Garage sale


 José Abeto  Zaide José Abeto Zaide

By José Abeto Zaide

 

It was Friday the 13th, with his Pinay wife Elsida back home in PH preparing for their balikbayan re-entry, when my deep throat source George Thomas Clark fast-forwarded his Walter Mitty plans for this Saturday:


GTC aka Tom reminds himself: This is going to be the greatest garage sale ever. I’ve advertised in the newspaper and posted pictures on social media and taped flyers throughout the neighborhood and told some neighbors and friends to come over this beautiful Saturday spring morning starting at seven. I open the garage door a half hour early and several people are already standing in front and waiting in cars. I’ve got six coffee tables full of merchandise in front and many items on the concrete floor behind me. People converge on the collectibles and soon start buying masks I acquired long ago in Africa and Latin America.

“How much is this one?” asks a young man.

“I paid forty but will take twenty.”

“How about fifteen?”

“Okay, fifteen, or a package deal of forty bucks for that one and these two? They go together.”

“All right.”

I’ve also got some wonderful hand-painted plates and cups and other delicate items too pretty and breakable to use and always in the way. When my wife returns from visiting relatives, I know she’ll love new space created by sales that more than pay for her trip.

“Five bucks apiece for these cups,” I say.

“I’ll give you twenty for five,” says a lady.

“Done.”

I sell a few more plates and cups, and some crystal wine glasses we never use since we quit drinking alcohol but my wife thinks look beautiful through glass panes of the china cabinet. By eight a.m. I ask the lady next door, who’s browsing, to be my cashier in the garage for a few minutes, and take a man inside where he pays seventy-five dollars for the rest of the china and fifty for the remaining wine glasses.

“I notice you’ve got a pickup truck,” I say. “How about two hundred for the china cabinet?”

“One seventy-five.”

“You got it!”


“I bet I’ve sold fifty dollars of knick-knacks,” says my neighbor.

“Keep it up. You’re the cashier.”

I see a man examining rakes, shovels, brooms, hammers, crowbars, and other tools hanging on a wall, and say, “Excuse me, sir. Those aren’t for sale.”

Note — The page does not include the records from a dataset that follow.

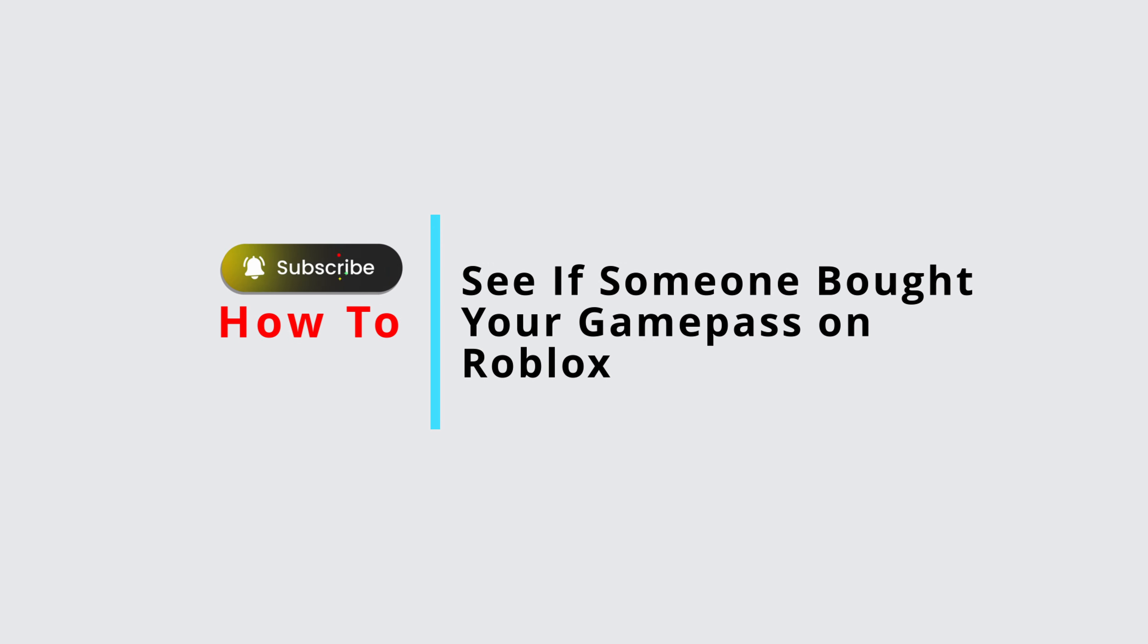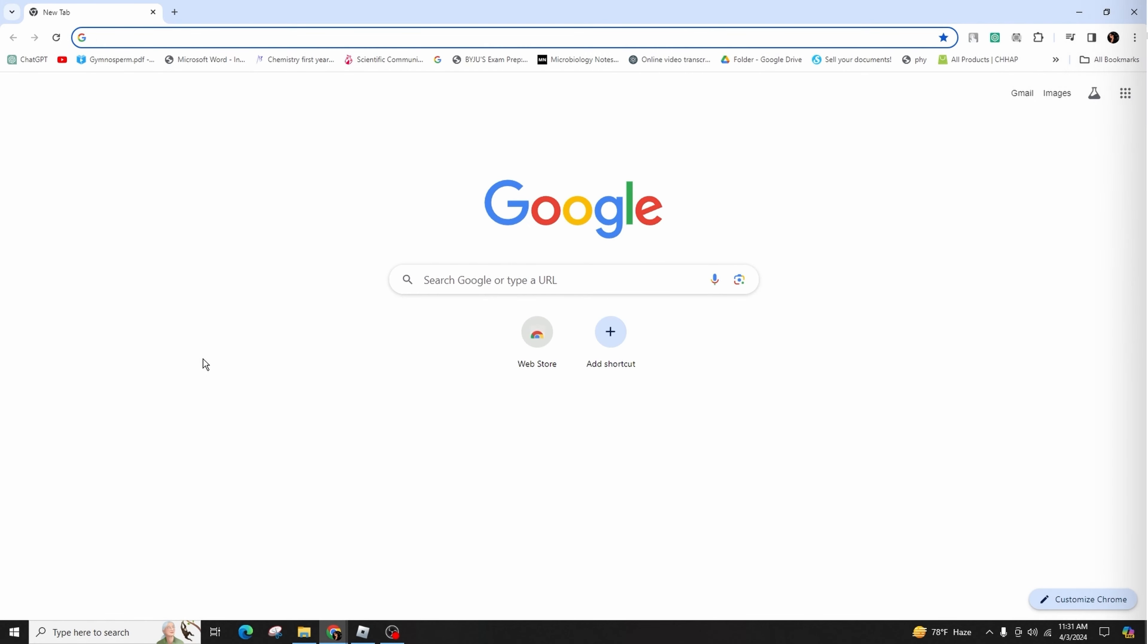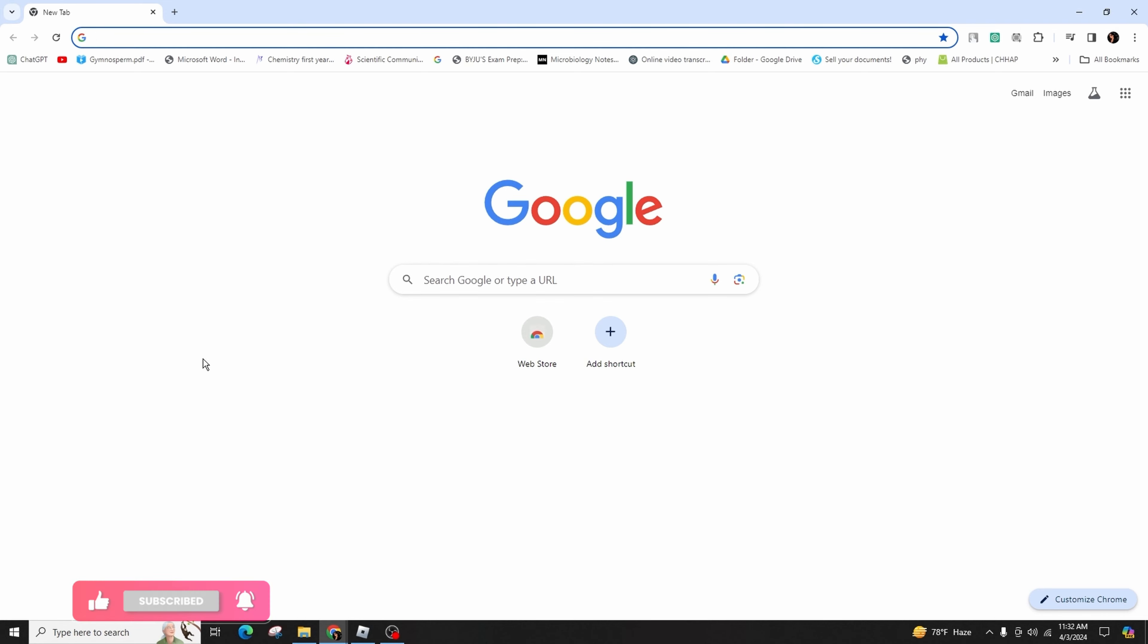How to see if someone bought your game pass on Roblox. Hello and welcome back to your channel. In this informative video presentation, I'll thoroughly guide you through the step-by-step process of verifying whether an individual has indeed acquired your game pass within the virtual realm of Roblox. This procedure is both efficient and uncomplicated.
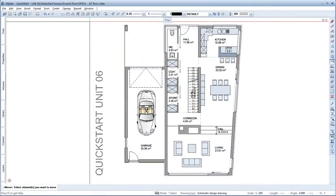Welcome to Allplan Quick Start Unit 7. In this unit, I'll show you how to assemble layouts in Allplan and export them to PDF.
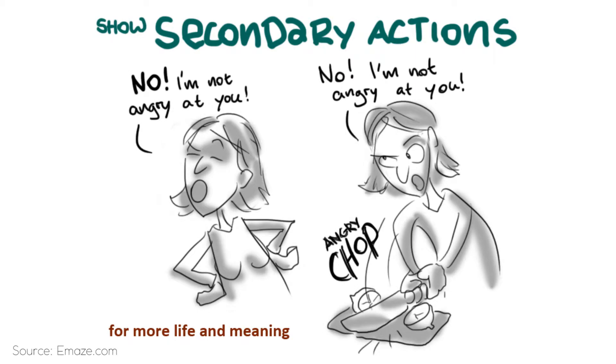Secondary action gives more life to your character or objects. It is like adding ingredients to the main stuff.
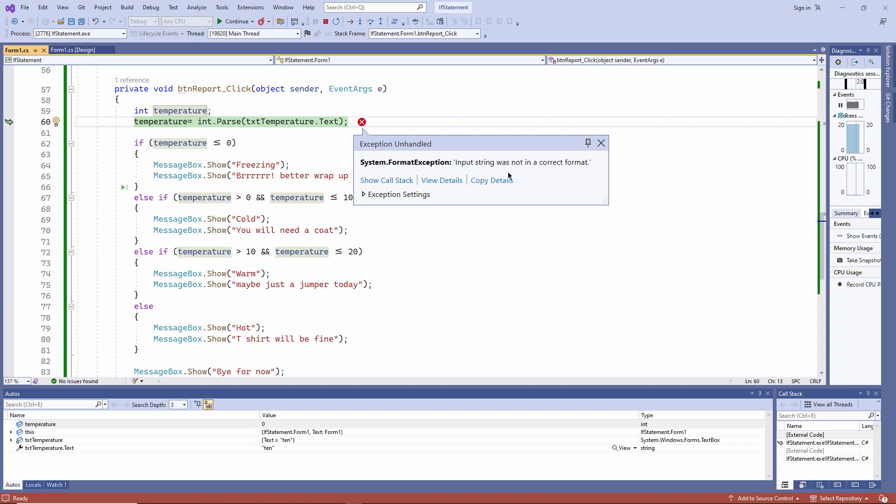And we can also use it to test whether or not what the user has typed is actually a number. For now, I'm just going to reset this project.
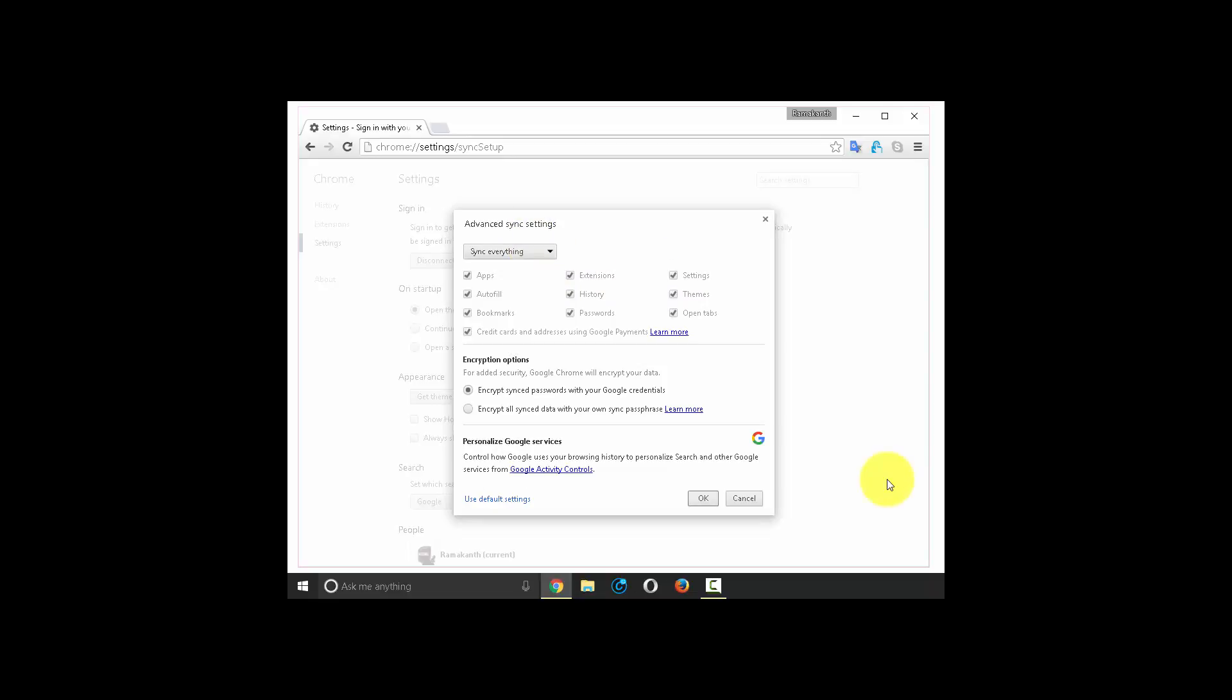Now under advanced sync settings, select the option choose what to sync and deselect the option passwords. Click OK.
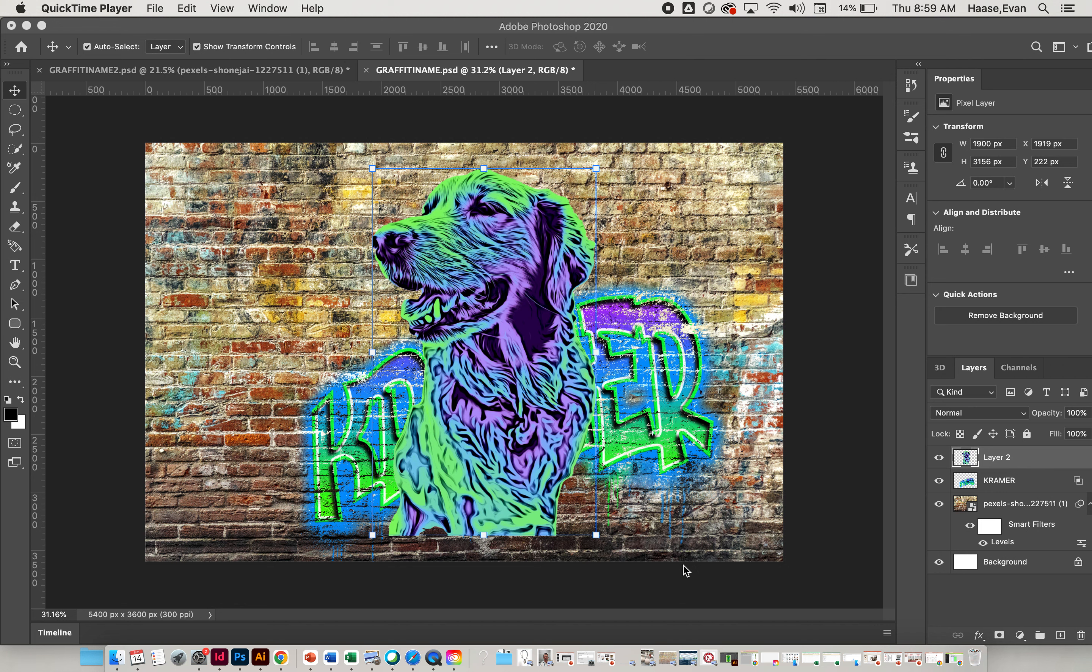The next step in this process is getting this to look blended and well together. Right now it looks like my dog is just kind of cut and pasted right over my word here. So we're going to learn how to blend this into the background using what we call layer masking. Layer masking is a process of selectively removing and replacing images, so we can erase things and bring them back temporarily with a layer mask.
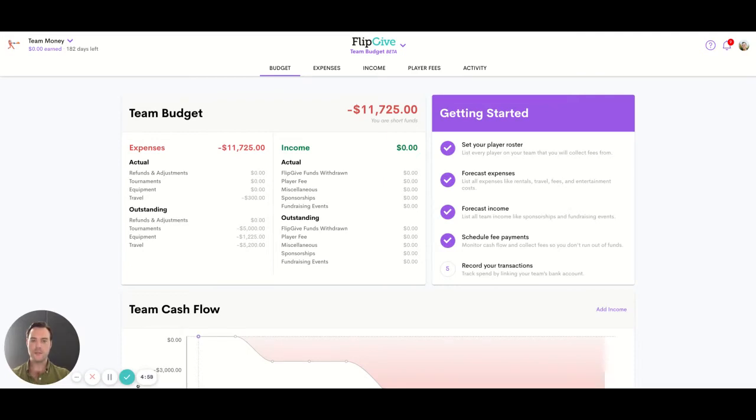Hey everybody, welcome to the video. In this one we're going to look at how expenses work in Flipkid's budgeting app.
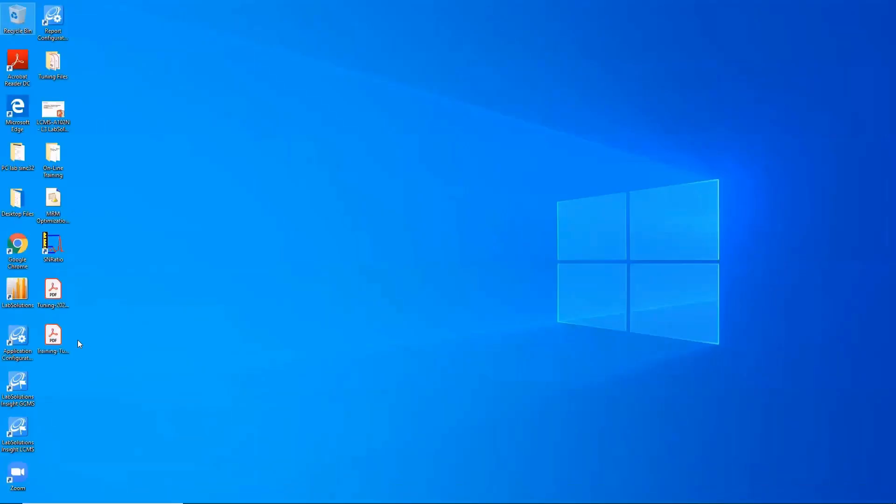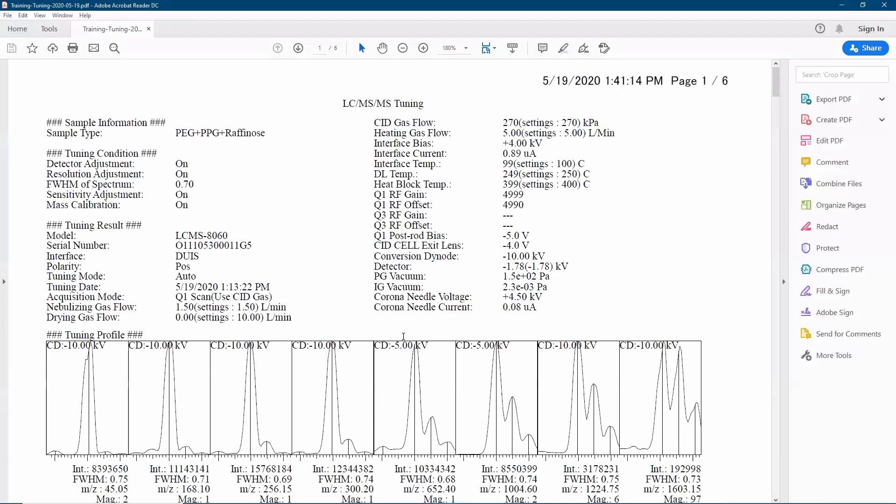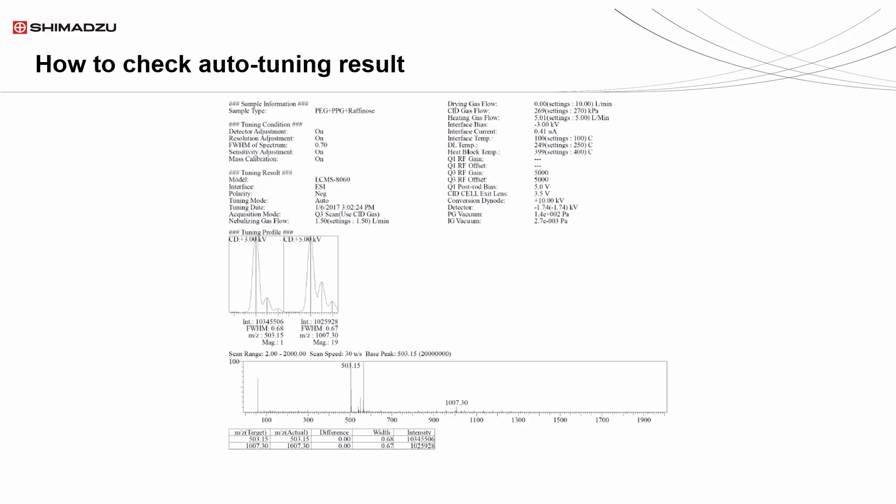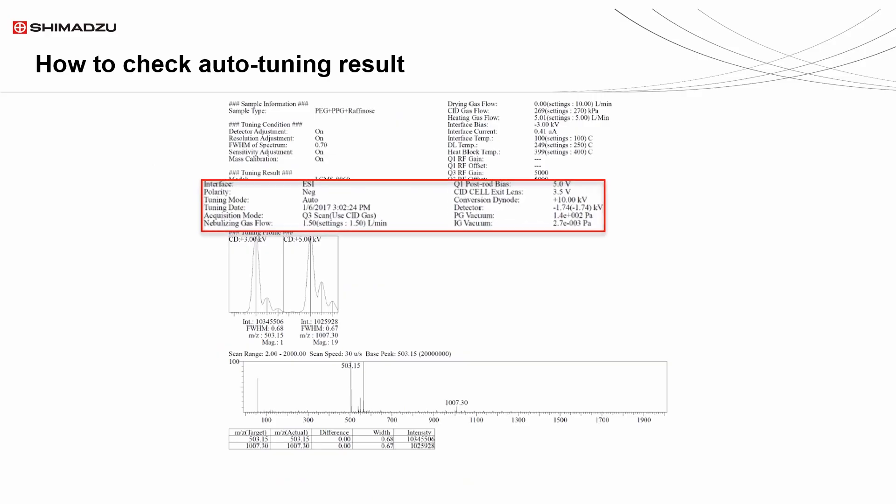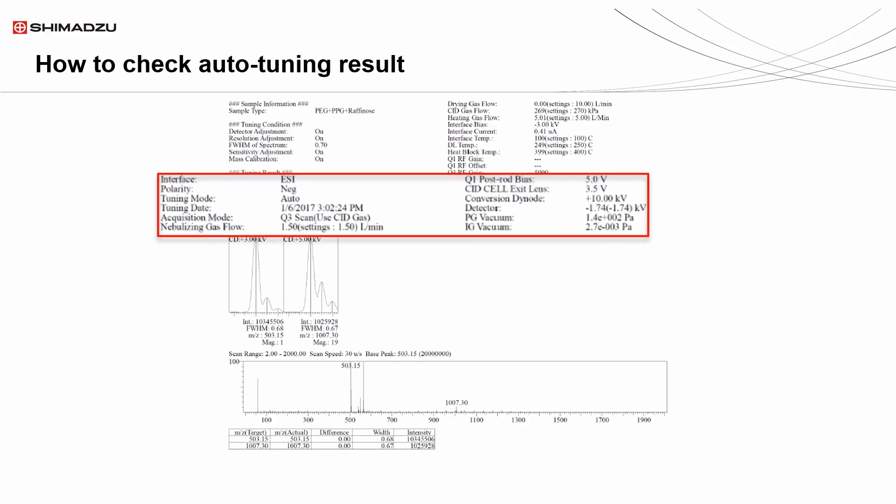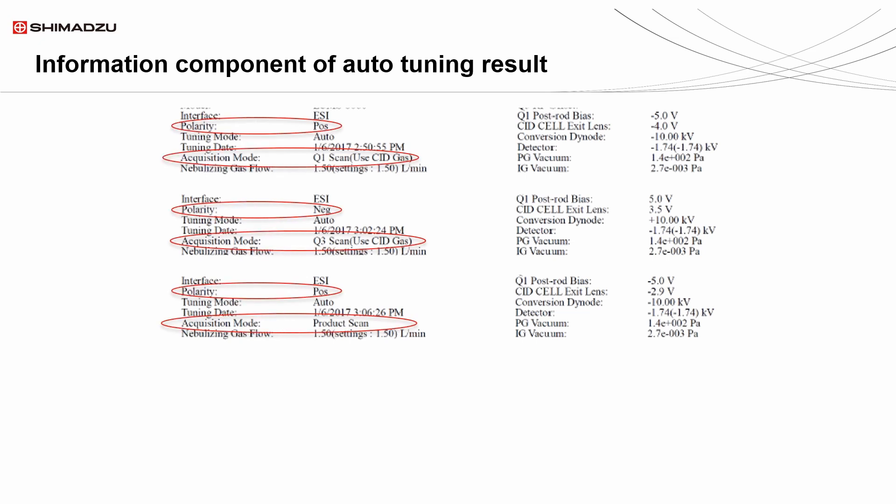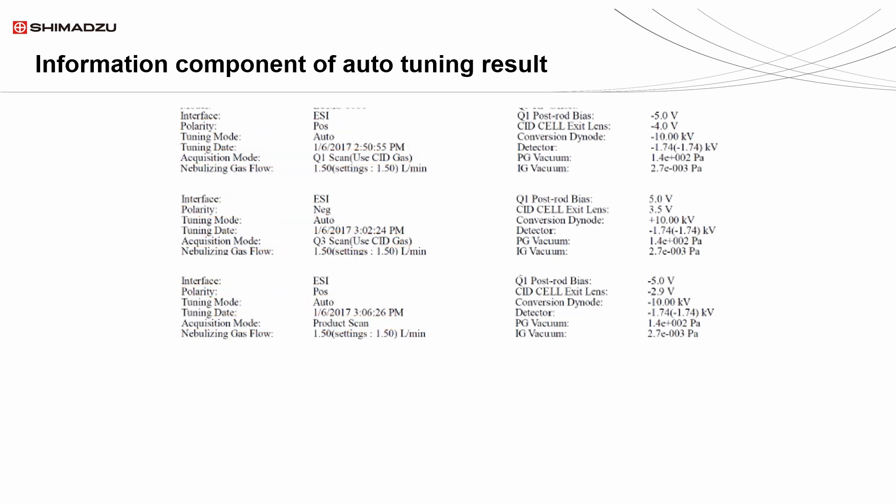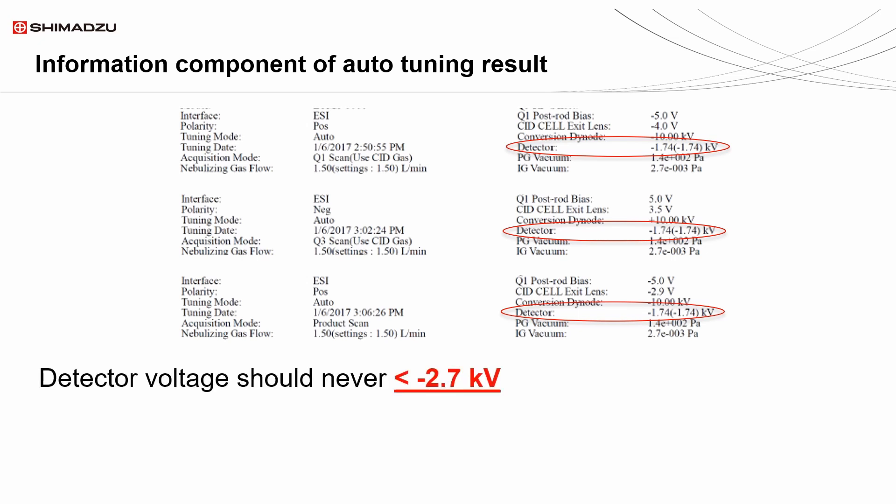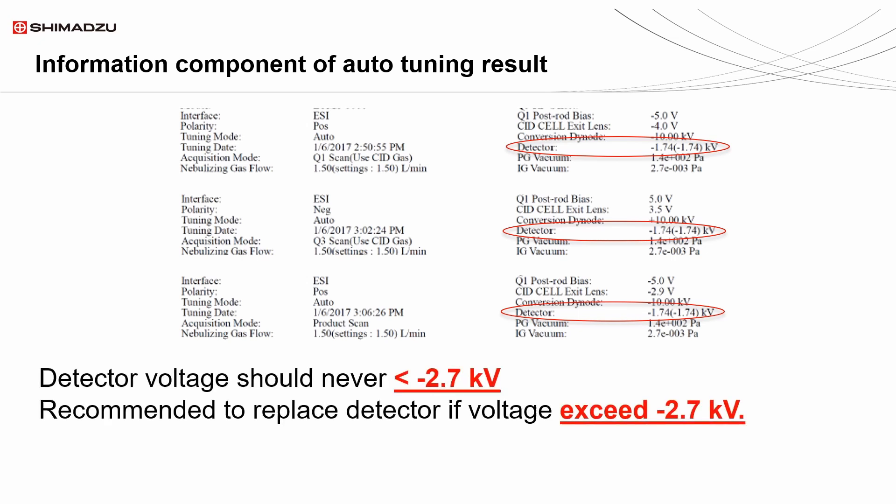To check auto-tuning result, first look at the information part of it. In here you can find the tuning result scan type and scan mode. Check the detector parameter for detector voltage. Detector voltage should never exceed negative 2.7 kilovolt. It is recommended to replace the detector if the voltage exceeds negative 2.7 kilovolt.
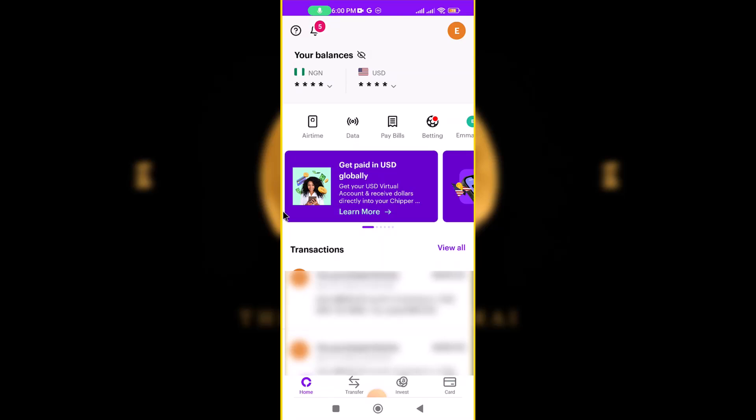This is how to use Chipper Cash to pay for stuff on AliExpress.com. If you want to buy something on AliExpress and your naira card doesn't work, you can use Chipper Cash to do this. In this video I want to show you how to do it.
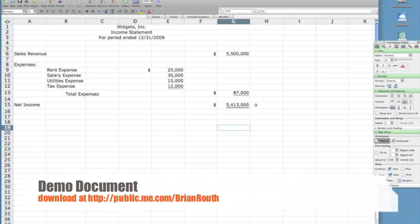So here we are back with our Widgets Incorporated. This is where we left off in the Excel income statement simple number one. We entered our underlinings and merged our sales. In this demonstration, I'm going to show you how to enter simple formulas into your Excel spreadsheet.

“You’ve got two or three of everything.”

He’s right, and that’s the point. “Pick out what you want, just leave me one of all the key stuff.”

In fifteen minutes I’ve sold almost two hundred dollars of tools including the lawn mower we don’t need because we’ve got a gardener.

A young family arrives and asks if we’ve got any clothes.

“Sorry, not for kids. Ours are grown. But we’ve got some nice men’s and women’s apparel inside.” Look at that damn walk-in closet. I thought it was supposed to be spacious. I can’t even see what I’ve got. My wife claims she knows where all her garments are. I don’t believe it.

“Pick out what you want,” I say “We’ll work out a price.”

They start examining clothes and laying what they like on the bed. I run outside. “Anyone else need some clothes?!”

A young lady smiles and says, “Sí!”

“Come on!”

Within an hour I’ve run ten or so people through that closet and sold about half our clothes and shoes, leaving us still more than we need.

“Do you have any jewelry?” asks the last woman.

I say, “Oh, yeah, but it ain’t cheap,” and open the large second drawer down the dresser. “Here it is.”

She’s evidently a lady of means and experience, examining many glistening pieces and saying, “This one’s gold, this isn’t. These are diamonds, these aren’t,” and making other complex assessments I have no interest in. She buys a handful of stuff for a few hundred bucks, and I hurry outside and shout, “Jewelry sale inside.”

Three women follow me in. In a flurry, several others arrive, and soon about two-thirds of my wife’s jewelry been transformed into wads in my wallet and both front pockets.

From her purse a young lady whips out a massive cell phone, or maybe it’s a tablet, and snaps photos of the rest. “I’m sending these photos to some friends.”

“Sorry, but my wife would kill me if I sold any more.”

“What’s Elsida going to say, Tom?” asks my cashier.

“Don’t know. I’m headin’ to Europe for a month.”